I have always tried to create a warm, safe and relaxed atmosphere in my classes but I’ll admit, in the past, it has backlashed on me because the boundaries between teacher and student can become blurred. When you get to know a student, meet them regularly and are a crucial part of their opening, issues related to attachment, acceptance and ego can surface and create false expectations, misunderstandings, and eventually, loss. Thankfully, I don’t dwell on such experiences. I believe life is too short to over-think situations. One should understand, learn and grow so that one’s personal development doesn’t stop.
Choosing a teacher
When you choose a Bellydancing teacher, like any education, it is important to choose a teacher that will meet your requisites and supply your needs. Choose a teacher that will steer your development in the correct direction and support, mentor and guide you with earnest energy and endless enthusiasm. Remember, different teachers will appeal to you at different stages. There are so many factors to consider: personality, teaching style, dance experience, level of the classes, day and time of the classes, the aims of the classes … the list goes on.
What I want to share during my Bellydancing classes is for women to feel confident in their skin, to love their body and exude emotion when they dance. Not to mention unleashing their feminine fire, subconscious (Bellydancing) dreams and reminding them to remain true to the reason they started Bellydancing in the first place.
Your Bellydancing Journey
I always looked in awe at ladies older than me who danced with such a grace and ease. Finally, I feel as though I have had a sneak-peak into their world through a secret window and the key really is to accept yourself. What I have realised is my emotional development has greatly impacted my Bellydance development.
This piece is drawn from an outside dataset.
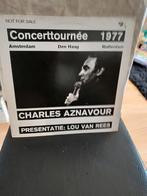 Charles aznavour concerttournee 1977 amsterdam den haag lp, Cd's en Dvd's, Vinyl | Pop, Ophalen of Verzenden, 1960 tot 1980, Zo goed als nieuw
Whatever your reason for Bellydancing, don’t be clouded by other people’s reason for dancing. Try not to be steered by other dancers’ dreams and ambitions. Try and stay true to yourself. It’s natural to go through up’s and down’s with your passion, that’s what keeps the fire burning. But embrace those experiences, good and bad, and don’t be afraid to let your life beyond Bellydancing play a part in your Bellydancing development. It’s more soulful, or spiritual, than you think.